He seguido con atención las entrevistas que ha dado Pablo Gómez Álvarez, en su nueva calidad de cabeza de la comisión presidencial formada por Claudia Sheinbaum para proponer una reforma electoral. No tienen desperdicio. En la forma, se le ve feliz en el papel que ha depurado con esmero: iracundo, intransigente y seguro de sí mismo. Nada nuevo para quienes lo conocemos desde hace décadas y sabemos que, con Pablo, el diálogo es casi imposible, porque él se considera más sabio e informado que cualquiera de sus interlocutores. La persona ideal para dirigir esta misión.
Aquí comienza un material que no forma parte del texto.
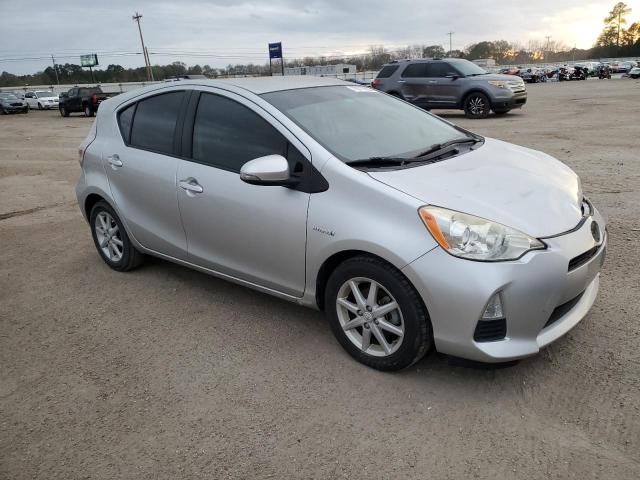 JTDKDTB36E1564145 - 2014 TOYOTA PRIUS C SILVER photo 4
El fondo es mejor. Entre mis apuntes registro dos afirmaciones que suscribo a pie juntillas: i) que el país cambió desde el 2018, cuando una nueva mayoría política llegó al poder mediante el voto popular; y ii) que ésta no aspiraba solamente a gobernar (léase, a administrar la cosa pública), sino a cambiar las normas y las estructuras de poder.
El responsable de articular el proyecto de reforma electoral ha dicho, una y otra vez, que esa mayoría hará valer su fuerza y ha explicado que el propósito de la reforma no es afinar o perfeccionar las reglas electorales que se pactaron desde el final del Siglo XX, sino transformar el régimen político que, en su opinión, está periclitado. Las minorías, dice Pablo Gómez, tendrán a salvo su libertad y sus derechos, pero las decisiones serán tomadas por la mayoría.
Habrá partidos, por supuesto, pero ya no bajo las premisas que diseñaron el PRI y el PAN. De hecho, Pablo Gómez considera –igual que López Obrador y Claudia Sheinbaum— que esas dos organizaciones políticas están destinadas a desaparecer, entre otras razones, porque han sobrevivido gracias al dinero público que se les ha entregado para sostener burocracias políticas inútiles y “lambisconas”, dirigidas por élites voraces. La reforma electoral deberá servir, en su opinión, para sellar ese proceso de extinción. Las minorías que sobrevivan a la fuerza de la mayoría y decidan oponerse a ella, tendrán que acreditar su militancia sin el respaldo del Estado.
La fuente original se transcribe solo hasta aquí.